• Goal of the exercise: Please tally the lines below that contain the string "thumbnail" and reply with that figure only.

• Data records:
= = = = =

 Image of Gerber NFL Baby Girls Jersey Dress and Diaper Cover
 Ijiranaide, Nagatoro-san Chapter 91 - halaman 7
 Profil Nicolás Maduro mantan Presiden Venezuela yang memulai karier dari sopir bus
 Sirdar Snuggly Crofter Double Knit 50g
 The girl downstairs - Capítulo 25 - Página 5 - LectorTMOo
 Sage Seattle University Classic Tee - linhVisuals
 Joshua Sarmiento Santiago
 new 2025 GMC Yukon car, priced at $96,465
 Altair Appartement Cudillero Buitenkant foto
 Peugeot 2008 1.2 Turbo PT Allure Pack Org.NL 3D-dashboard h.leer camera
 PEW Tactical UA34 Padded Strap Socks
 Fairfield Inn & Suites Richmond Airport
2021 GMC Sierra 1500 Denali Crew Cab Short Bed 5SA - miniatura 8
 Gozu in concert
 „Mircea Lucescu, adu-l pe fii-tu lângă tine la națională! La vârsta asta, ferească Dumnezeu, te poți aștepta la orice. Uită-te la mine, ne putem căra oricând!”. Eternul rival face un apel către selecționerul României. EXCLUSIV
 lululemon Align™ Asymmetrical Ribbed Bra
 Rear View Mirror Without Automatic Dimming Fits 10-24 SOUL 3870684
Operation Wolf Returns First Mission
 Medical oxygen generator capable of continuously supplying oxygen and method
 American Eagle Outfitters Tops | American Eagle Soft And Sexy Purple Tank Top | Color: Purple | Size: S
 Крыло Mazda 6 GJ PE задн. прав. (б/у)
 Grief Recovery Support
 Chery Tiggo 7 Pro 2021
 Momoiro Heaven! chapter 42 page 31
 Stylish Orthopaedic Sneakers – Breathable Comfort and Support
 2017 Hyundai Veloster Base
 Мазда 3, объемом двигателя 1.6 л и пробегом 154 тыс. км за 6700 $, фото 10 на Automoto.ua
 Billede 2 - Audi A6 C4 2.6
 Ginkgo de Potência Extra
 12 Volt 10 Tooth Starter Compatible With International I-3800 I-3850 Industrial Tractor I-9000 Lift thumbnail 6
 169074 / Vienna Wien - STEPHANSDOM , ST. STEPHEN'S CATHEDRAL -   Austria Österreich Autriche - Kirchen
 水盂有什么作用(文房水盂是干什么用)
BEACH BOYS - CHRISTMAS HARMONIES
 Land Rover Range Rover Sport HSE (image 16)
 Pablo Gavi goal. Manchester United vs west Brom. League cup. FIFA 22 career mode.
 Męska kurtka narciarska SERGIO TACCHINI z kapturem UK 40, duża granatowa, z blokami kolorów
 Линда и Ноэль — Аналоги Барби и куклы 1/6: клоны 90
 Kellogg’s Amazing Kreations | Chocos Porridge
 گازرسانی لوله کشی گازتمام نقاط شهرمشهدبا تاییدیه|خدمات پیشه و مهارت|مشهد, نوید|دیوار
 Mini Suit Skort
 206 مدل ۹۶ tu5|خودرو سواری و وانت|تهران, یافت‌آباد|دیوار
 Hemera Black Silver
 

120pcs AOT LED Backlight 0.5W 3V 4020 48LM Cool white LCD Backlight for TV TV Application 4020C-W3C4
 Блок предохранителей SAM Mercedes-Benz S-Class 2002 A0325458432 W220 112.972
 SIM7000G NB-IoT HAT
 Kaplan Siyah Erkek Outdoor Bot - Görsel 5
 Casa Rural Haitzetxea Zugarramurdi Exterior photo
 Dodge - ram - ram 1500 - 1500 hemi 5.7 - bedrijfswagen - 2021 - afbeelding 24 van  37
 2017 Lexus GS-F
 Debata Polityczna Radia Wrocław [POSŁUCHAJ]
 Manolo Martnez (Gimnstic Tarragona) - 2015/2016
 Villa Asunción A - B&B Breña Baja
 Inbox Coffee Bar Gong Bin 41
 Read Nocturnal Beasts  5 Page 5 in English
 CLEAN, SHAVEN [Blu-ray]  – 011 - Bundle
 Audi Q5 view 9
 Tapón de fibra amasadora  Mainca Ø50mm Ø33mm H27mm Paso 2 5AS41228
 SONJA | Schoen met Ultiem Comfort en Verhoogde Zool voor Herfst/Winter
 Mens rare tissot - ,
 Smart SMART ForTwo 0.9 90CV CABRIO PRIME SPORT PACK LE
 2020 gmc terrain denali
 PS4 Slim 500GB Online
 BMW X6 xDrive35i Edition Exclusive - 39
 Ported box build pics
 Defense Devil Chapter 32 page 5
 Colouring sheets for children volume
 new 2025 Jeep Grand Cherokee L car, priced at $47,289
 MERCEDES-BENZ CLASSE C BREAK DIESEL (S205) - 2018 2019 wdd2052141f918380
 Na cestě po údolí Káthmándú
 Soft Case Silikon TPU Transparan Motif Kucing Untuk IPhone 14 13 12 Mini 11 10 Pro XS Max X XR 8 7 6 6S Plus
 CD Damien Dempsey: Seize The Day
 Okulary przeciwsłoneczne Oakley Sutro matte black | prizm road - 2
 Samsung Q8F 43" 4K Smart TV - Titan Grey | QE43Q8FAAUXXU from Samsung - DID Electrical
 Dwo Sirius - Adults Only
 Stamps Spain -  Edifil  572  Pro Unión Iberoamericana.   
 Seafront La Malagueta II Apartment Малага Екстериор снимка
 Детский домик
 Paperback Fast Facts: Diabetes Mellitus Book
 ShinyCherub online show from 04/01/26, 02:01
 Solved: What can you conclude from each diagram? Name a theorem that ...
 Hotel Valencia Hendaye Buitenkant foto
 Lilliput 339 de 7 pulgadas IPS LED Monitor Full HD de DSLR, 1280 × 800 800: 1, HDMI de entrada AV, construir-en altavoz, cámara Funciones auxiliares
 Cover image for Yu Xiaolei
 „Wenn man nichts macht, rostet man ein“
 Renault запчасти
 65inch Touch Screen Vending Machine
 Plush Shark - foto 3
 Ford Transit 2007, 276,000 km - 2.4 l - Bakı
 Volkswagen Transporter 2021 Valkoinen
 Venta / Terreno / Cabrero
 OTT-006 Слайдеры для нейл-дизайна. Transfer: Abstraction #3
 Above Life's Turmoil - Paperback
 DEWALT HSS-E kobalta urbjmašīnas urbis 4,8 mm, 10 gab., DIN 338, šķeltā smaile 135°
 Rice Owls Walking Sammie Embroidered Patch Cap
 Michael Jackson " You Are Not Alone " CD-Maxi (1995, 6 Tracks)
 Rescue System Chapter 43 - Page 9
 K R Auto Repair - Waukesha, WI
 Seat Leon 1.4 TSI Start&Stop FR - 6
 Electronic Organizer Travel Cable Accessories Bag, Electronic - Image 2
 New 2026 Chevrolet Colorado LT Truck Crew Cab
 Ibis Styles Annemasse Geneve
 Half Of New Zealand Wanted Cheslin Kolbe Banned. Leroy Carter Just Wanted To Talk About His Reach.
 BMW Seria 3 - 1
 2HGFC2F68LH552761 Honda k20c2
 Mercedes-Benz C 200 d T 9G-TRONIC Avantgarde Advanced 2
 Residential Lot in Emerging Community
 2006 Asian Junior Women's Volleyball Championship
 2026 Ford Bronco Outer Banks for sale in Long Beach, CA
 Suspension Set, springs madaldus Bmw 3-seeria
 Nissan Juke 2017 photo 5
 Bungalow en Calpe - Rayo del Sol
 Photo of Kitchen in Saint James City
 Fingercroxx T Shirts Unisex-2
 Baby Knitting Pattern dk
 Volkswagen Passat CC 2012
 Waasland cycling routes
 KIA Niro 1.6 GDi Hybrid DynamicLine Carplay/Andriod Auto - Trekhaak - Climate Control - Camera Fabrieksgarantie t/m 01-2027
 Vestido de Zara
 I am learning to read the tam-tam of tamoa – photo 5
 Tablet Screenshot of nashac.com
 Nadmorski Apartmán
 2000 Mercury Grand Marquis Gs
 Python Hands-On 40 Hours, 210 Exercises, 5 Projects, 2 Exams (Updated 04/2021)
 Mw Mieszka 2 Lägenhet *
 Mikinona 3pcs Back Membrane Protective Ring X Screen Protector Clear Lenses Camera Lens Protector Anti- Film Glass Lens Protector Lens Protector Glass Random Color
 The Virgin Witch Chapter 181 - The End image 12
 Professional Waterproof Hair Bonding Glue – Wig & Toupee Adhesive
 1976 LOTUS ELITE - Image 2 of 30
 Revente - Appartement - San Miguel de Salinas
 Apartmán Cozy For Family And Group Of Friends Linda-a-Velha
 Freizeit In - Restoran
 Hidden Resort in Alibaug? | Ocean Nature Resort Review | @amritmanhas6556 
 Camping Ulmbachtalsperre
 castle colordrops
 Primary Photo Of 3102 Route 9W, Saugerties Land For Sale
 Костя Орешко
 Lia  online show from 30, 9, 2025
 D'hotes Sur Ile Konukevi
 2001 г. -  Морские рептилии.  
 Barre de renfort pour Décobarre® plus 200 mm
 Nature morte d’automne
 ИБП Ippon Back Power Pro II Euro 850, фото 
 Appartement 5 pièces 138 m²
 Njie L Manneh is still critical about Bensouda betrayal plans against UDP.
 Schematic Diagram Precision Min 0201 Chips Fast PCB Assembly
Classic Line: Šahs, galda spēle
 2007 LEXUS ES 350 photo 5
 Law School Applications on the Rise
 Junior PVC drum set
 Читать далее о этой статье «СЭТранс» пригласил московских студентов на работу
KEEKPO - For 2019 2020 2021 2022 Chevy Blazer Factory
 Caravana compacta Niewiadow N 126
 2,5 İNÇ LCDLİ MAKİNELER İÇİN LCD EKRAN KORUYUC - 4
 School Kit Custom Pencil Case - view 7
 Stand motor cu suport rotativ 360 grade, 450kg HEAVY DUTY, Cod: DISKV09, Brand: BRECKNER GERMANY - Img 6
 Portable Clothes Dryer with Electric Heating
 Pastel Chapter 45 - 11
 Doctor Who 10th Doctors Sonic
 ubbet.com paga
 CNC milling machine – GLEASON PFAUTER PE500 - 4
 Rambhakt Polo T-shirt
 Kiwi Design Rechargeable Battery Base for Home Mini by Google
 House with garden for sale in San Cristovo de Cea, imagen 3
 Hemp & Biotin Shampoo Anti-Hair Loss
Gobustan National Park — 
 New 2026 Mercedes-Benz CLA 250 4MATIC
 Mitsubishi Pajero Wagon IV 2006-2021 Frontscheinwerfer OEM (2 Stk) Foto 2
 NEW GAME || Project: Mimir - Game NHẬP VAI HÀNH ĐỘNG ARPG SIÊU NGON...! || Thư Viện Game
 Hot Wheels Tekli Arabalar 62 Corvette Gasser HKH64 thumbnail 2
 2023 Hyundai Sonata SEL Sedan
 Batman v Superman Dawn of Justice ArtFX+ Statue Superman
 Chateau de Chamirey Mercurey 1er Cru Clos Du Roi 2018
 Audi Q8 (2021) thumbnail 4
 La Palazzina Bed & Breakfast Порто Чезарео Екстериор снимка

= = = = =

• Written answer: 3